Les entreprises m’ont appris l’aspect technique du cuir, et je leur ai apporté la méthodologie que je maîtrisais car le protocole reprend à 80% les normes ISO 14001courantes auxquelles j’ai été formée lors de mon Master QHSE (Qualité, Hygiène, Sécurité, Environnement) à Albi. Tandis que les normes habituelles vont reposer sur des concepts vastes tels que l’élaboration, la mise en œuvre, la maintenance et l’évaluation d’un Système de Management Environnemental (SME), le protocole de Leather Working Group (LWG) est très précis avec, par exemple, la traçabilité des achats identifiant fermes et abattoirs.
Les salariés en voient les avantages.
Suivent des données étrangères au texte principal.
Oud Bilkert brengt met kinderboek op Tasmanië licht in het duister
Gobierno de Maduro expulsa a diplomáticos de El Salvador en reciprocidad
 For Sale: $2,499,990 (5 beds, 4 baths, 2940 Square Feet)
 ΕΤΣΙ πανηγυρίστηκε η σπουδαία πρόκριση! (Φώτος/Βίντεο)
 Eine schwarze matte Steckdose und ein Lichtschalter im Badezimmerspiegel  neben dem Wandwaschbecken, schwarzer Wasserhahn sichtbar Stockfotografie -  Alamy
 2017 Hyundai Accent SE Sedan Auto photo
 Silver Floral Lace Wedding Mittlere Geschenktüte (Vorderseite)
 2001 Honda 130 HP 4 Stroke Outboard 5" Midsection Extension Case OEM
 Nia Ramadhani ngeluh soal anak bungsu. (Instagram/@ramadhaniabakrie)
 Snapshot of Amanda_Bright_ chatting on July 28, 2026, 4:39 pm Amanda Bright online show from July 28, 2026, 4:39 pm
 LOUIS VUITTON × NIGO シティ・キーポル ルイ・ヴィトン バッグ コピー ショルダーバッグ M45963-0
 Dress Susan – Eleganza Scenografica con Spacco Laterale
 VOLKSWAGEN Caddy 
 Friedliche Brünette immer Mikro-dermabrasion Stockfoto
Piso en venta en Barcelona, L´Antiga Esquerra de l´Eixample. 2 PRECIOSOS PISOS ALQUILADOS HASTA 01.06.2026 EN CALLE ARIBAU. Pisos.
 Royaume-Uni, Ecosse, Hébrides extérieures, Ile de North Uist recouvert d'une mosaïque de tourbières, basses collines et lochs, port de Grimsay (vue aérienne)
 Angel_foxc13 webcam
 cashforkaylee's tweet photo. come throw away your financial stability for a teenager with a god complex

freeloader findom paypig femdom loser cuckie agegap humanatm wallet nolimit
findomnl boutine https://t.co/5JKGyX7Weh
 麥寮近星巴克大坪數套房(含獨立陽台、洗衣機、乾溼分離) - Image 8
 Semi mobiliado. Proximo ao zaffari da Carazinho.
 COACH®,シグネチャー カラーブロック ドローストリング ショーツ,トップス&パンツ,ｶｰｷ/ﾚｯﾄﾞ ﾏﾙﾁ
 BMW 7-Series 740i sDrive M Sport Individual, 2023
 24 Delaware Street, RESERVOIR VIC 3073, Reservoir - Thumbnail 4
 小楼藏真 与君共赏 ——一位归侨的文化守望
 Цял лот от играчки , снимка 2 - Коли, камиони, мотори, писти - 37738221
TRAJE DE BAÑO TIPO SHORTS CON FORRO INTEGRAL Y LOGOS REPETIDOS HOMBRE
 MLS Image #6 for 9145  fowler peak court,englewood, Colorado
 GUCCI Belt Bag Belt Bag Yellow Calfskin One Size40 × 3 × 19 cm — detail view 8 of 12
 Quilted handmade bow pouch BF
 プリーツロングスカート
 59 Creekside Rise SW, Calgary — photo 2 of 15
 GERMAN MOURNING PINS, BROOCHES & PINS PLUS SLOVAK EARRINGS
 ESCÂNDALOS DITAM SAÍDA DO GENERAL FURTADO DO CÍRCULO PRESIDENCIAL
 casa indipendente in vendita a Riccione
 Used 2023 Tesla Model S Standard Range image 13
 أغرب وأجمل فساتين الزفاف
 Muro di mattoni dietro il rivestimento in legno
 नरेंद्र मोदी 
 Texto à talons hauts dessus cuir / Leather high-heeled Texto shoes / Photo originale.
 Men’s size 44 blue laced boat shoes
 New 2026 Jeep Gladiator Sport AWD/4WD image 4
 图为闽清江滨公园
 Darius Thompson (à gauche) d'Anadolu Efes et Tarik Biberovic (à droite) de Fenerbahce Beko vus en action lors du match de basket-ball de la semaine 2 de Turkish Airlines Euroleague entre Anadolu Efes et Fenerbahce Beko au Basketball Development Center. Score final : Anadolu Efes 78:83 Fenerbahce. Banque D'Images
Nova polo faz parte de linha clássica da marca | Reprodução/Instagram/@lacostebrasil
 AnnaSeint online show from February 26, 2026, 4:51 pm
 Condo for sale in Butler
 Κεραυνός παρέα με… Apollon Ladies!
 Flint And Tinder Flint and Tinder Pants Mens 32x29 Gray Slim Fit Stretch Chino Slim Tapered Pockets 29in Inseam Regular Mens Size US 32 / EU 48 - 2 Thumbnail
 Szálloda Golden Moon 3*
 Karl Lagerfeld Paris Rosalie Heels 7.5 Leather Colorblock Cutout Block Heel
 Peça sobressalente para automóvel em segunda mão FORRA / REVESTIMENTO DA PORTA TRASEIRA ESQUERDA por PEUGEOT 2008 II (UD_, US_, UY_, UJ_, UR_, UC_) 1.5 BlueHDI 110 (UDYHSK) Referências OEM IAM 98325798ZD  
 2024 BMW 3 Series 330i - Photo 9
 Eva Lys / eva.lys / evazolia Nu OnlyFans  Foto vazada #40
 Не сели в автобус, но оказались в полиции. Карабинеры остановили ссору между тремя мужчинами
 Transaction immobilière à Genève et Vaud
C’est un grand changement, il y a un avant et un après LWG. Les entreprises sont beaucoup mieux organisées, avec une meilleure qualité de travail pour les salariés. Il est arrivé que d’anciens salariés à la retraite repassent, impressionnés du changement : « Waouh, j’aurais bien aimé que ce soit comme ça à mon époque ! »
Souvent, je constate que tout le monde appréhende les auditeurs dont le métier reste méconnu. Le travail de l’audit n’est pas celui de l’inspection du travail. Son rôle est de conseiller dans un but d’amélioration des process à partir d’un état des lieux de l’entreprise réalisé à l’instant T. Ce qui a été mis en place a pour but de perdurer avec un renouvellement de la certification tous les deux ans. Vis-à-vis des clients, la certification LWG est un gage d’un travail de grande qualité avec, par exemple, une meilleure maîtrise et un meilleur suivi des produits utilisés dans les cuirs, et par la réalisation de tests plus réguliers sur les peaux aussi. Avoir un point de vue extérieur sur l’entreprise est très instructif.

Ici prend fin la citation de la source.